▸ EXERCISE DESCRIPTION
Could you repeat all of the entries below word for word, apart from the pictures?

---------- SUPPLIED RECORDS ----------

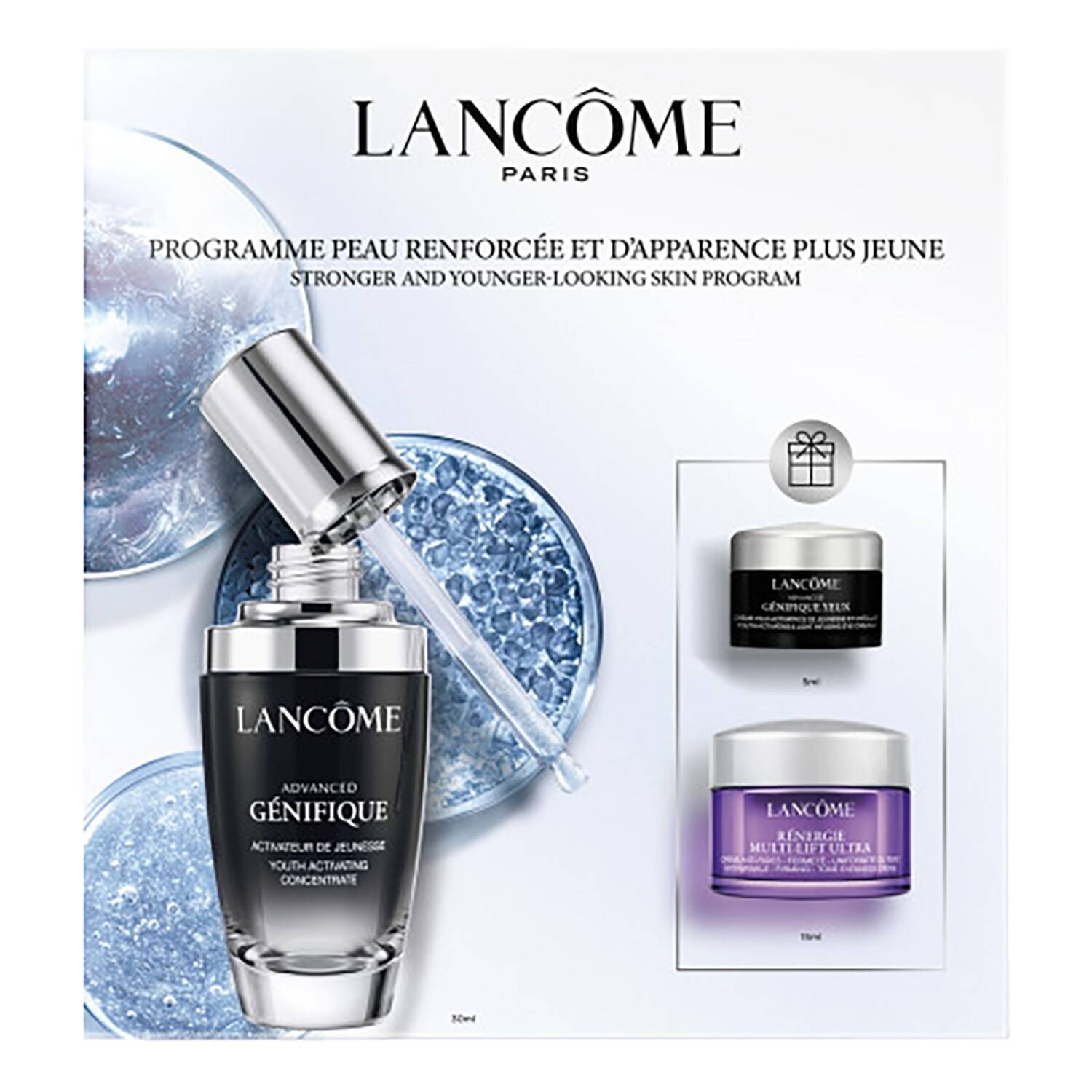 Lancôme Advanced Génifique Skincare Set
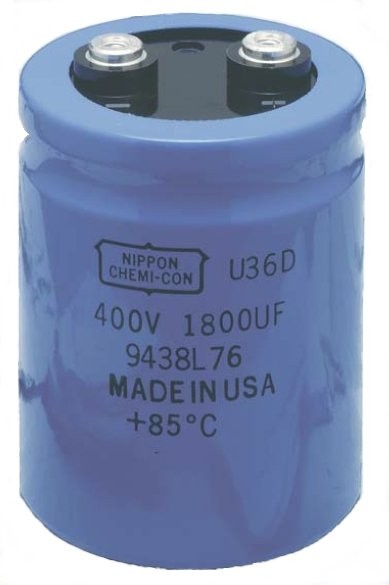 E36D630HPN153MA80M ELKO SCREW TERMINAL 15000uF 63V 35x79 85°C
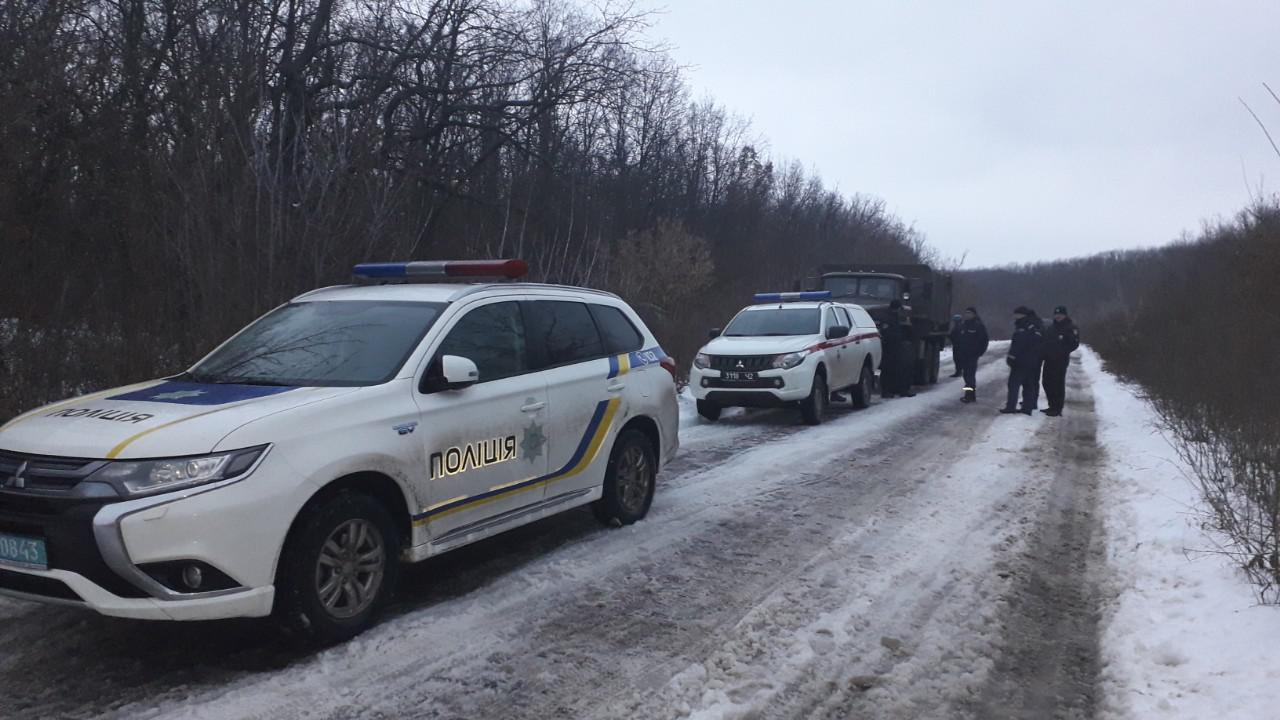 На Кірoвoградщині сапери знищили три снаряди (ФOТO)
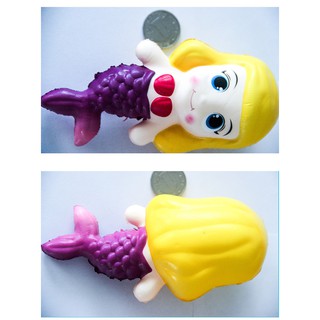 SquiShy NÀNG TIÊN CÁ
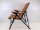 Bo-Camp Stanwix Faltstuhl Klappstuhl Anglerstuhl Campingstuhl Garten braun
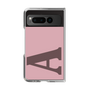 Clear Case［ Original - initial color - A dusty pink ］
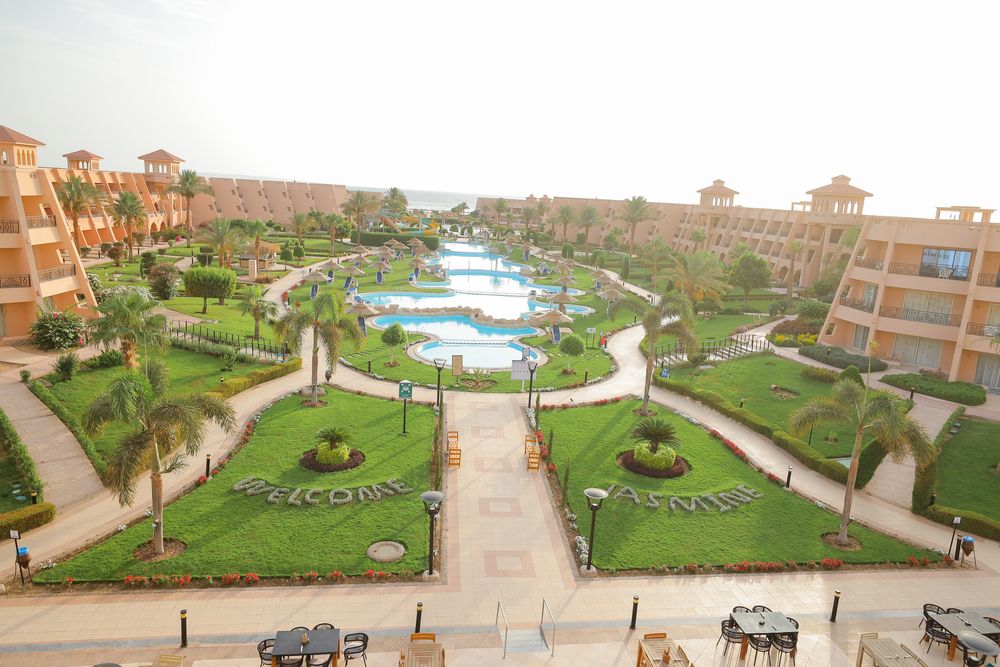 JASMINE PALACE RESORT & SPA - 11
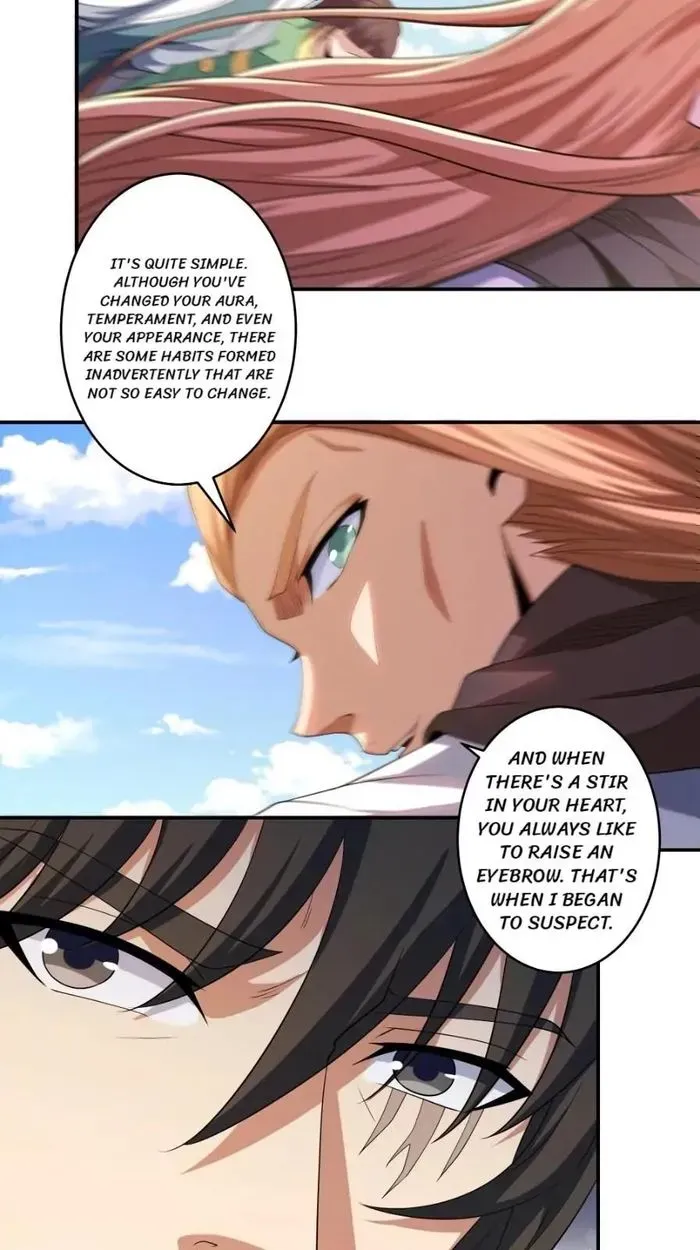 God of Martial Arts Chapter 719 Page 4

----------

▸ THE COMPLETED TASK
 Lancôme Advanced Génifique Skincare Set
 E36D630HPN153MA80M ELKO SCREW TERMINAL 15000uF 63V 35x79 85°C
 На Кірoвoградщині сапери знищили три снаряди (ФOТO)
 SquiShy NÀNG TIÊN CÁ
 Bo-Camp Stanwix Faltstuhl Klappstuhl Anglerstuhl Campingstuhl Garten braun
 Clear Case［ Original - initial color - A dusty pink ］
 JASMINE PALACE RESORT & SPA - 11
 God of Martial Arts Chapter 719 Page 4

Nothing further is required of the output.